The LAWA project investigates large-scale Web (archive) data along the temporal dimension. As a use case, we are studying Knowledge Linking for Online Statistics.
Statistic portals such as eurostat’s “Statistics Explained” (http://epp.eurostat.ec.europa.eu/statistics_explained/index.php/Main_Page) provide a wealth of articles constituting an encyclopedia of European statistics. Together with its statistical glossary, the huge amount of numerical data comes with a well-defined thesaurus. However, this data is not directly at hands, when browsing Web data covering the topic. For instance, when reading news articles about the debate on renewable energy across Europe after the earthquake in Japan and the Fukushima accident, one would ideally be able to understand these discussions based on statistical evidence.

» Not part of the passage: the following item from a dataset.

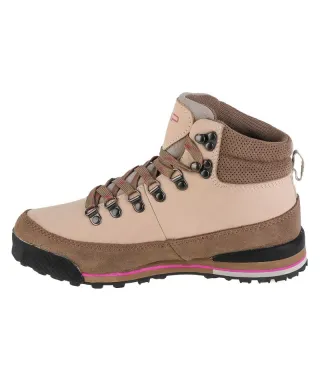 Buty CMP Heka WP Wmn Hiking W 3Q49556-15XM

We believe that Internet contents, captured in Web archives and reflected and aggregated in the Wikipedia history, can be better understood when linked with online statistics. To this end, we aim at semantically enriching and analyzing Web (archive) data to narrow and ultimately bridge the gap between numerical statistics and textual media like news or online forums. The missing link and key to this goal is the discovery and analysis of entities and events in Web (archive) contents. This way, we can enrich Web pages, e.g. by a browser plug-in, with links to relevant statistics (e.g. eurostat pages). Raising data analytics to the entity-level also enables understanding the impact of societal events and their perception in different cultures and economies.